Pictures aside, copy exactly the lines running from the one with "Ritchey Lenkergriffe Wcs" to the end of the records.

════════

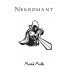 Nekromant
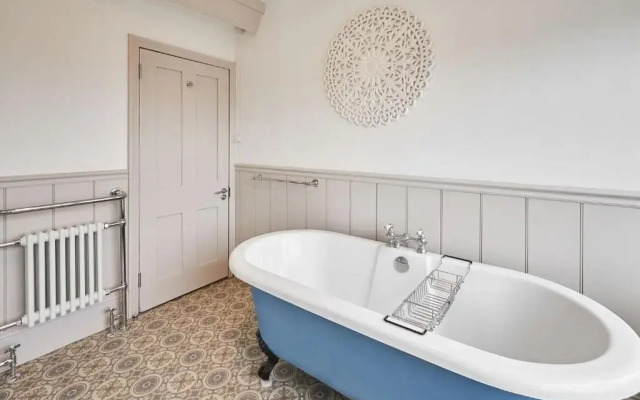 Host Stay 21 in Sunderland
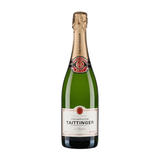 Tattinger Brut Reserve NV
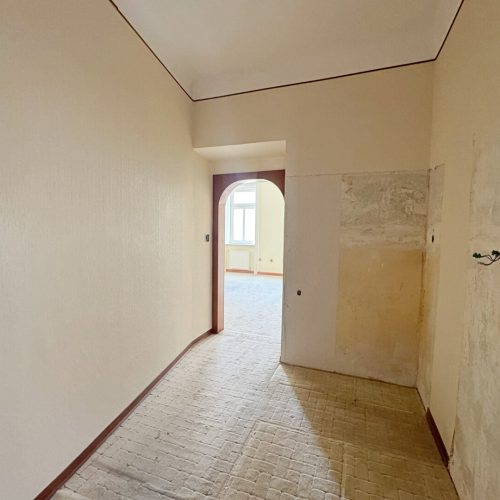 Wohnung-immodealer-fotos-5
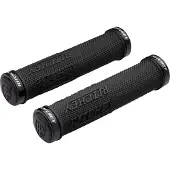 Ritchey Lenkergriffe Wcs truegrip locking grips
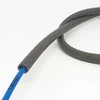 Pavarų troselio apsauga nuo triukšmo Capgo OL ID 4.5mm OD 9mm 2m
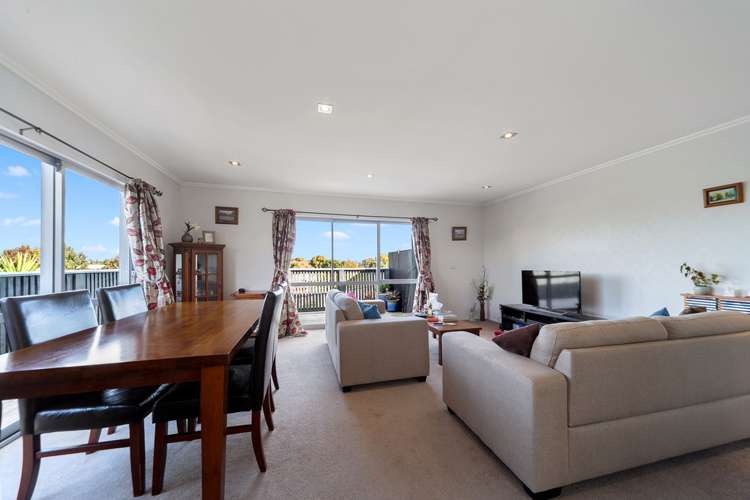 61 George Melrose Drive Te Awamutu_11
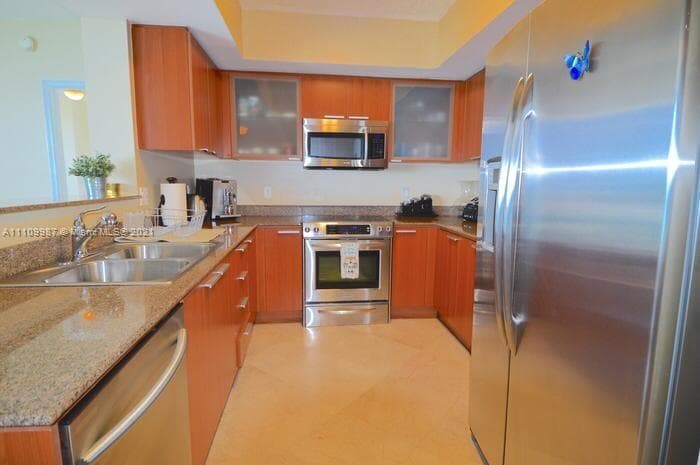 La Perla · #1509 in Sunny Isles Beach - Photo 8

════════

* _Output of the task_
 Ritchey Lenkergriffe Wcs truegrip locking grips
 Pavarų troselio apsauga nuo triukšmo Capgo OL ID 4.5mm OD 9mm 2m
 61 George Melrose Drive Te Awamutu_11
 La Perla · #1509 in Sunny Isles Beach - Photo 8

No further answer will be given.